As a lady, the hair is one of the elements of beauty which requires care and attention. On a normal day, a woman – specifically in Africa – would have to make her hair regularly, wash and cream it from time to time as well. The hair is like a baby to be nursed. Like a child to be bred. During harmattan however, this child goes wild and would need stimulants and goodies to keep it calm. In other words, your hair during harmattan requires extra care.


Last harmattan, my hair suffered a surreptitious downcast. Having lived in Lagos for the most part of my life, I didn’t know what harmattan was capable of doing to the hair. I am currently at Ilorin, kwara state and if you have been here in December, January into late February before, you should understand what I mean. I stood by the mirror to comb my hair and alas! Some of it had gone on a strike; unannounced! I wondered what happened, no pre-notice, no visible breakage, just a sudden deduction!


I spoke with a friend about it and she pointed it out instantly “it’s the harmattan!” Even at that it was hard for me to believe. Harmattan was just a season after all, why would it pay me a different kind of visit.
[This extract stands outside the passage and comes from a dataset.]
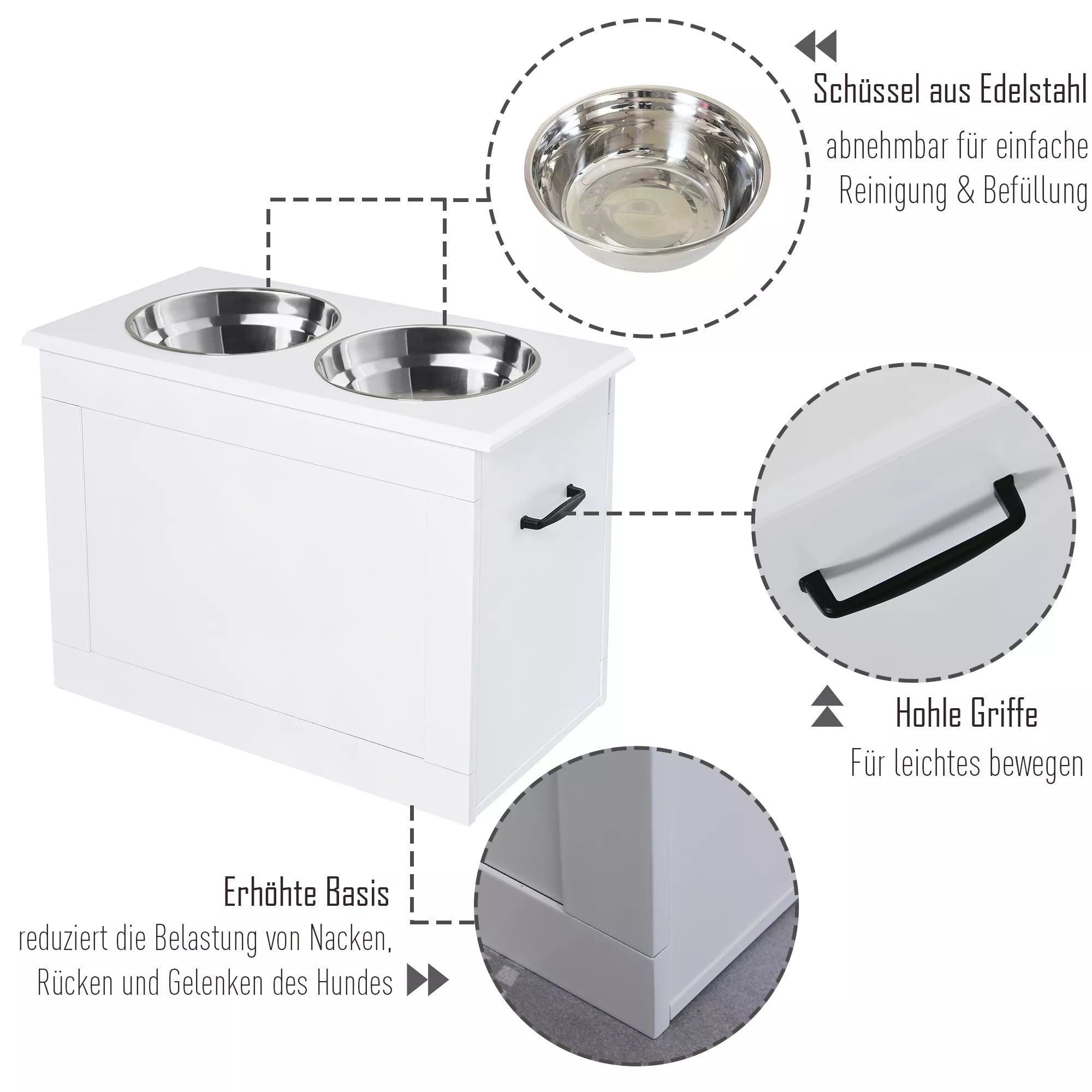 Paaugstināta suņu bļoda, barības bļoda ar uzglabāšanas vietu, ūdens bļoda, 2 x 2000 ml nerūsējošā tērauda bļodas, suņu bļodas, barības bļoda, barošanas stacija suņiem, kaķiem, balta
And then I knew the answer, almost straight away but well enough after it was pointed out.


During that period, I styled my hair mostly in town, I seldom did in school. Hence in a month, there is usually a week I would just comb the hair and bun it up. Simply put, the bunning was where the whole thing started. It was exposed to.the harsh weather and it got its own fair treat – loss.


I didn’t take extra steps like oiling my hair daily and letting it greasy as much as I could. I just did everything normal as usual, not knowing that harmattan doesn’t only chap lips, it slices the hair strands as well. So sad yeah? 😦 well, that’s history now.


If you are still wondering why I am writing this lady, this is for you. Well, that’s if you are an amateur like me, and of course an African! Your hair is important and you need to treat it so. Last year it was my turn to swim in the pool of breakage but this time around the table has changed. It is my duty to prevent not just mine but anyone’s from breaking, through this little way of course.


This year’s harmattan came rather calmly, but then, it always does. The season strides in harmless and low key at first, but its just a plot. Don’t give in dear! Ensure that your hair is made at every time and grease it well enough. For me, I apply oil to the scalp and hair cream to the hair. As a result of tight schedules, I do not even have the time to do this everyday so I make sure my hair is barely exposed. Even at this, the hair can still break if one is not careful enough. Ensure your hair stylist pulls lightly at your hair when making it. The scalp gets softer because of the weather and a little pressure could uproot your hair.


I am no expert at hair tips or lectures, but I am sure this little wouldn’t hurt. Rather, it would help retain a couple of hair strands leaving neither you nor I at loss.


Harmattan is a beautiful season. Gracious and benevolent. Yes! It is benevolent 🙂 it just has its own complications and what month doesn’t anyway?


Wash your hair as required, cream your hair regularly and never make your scalp run out of oil/grease.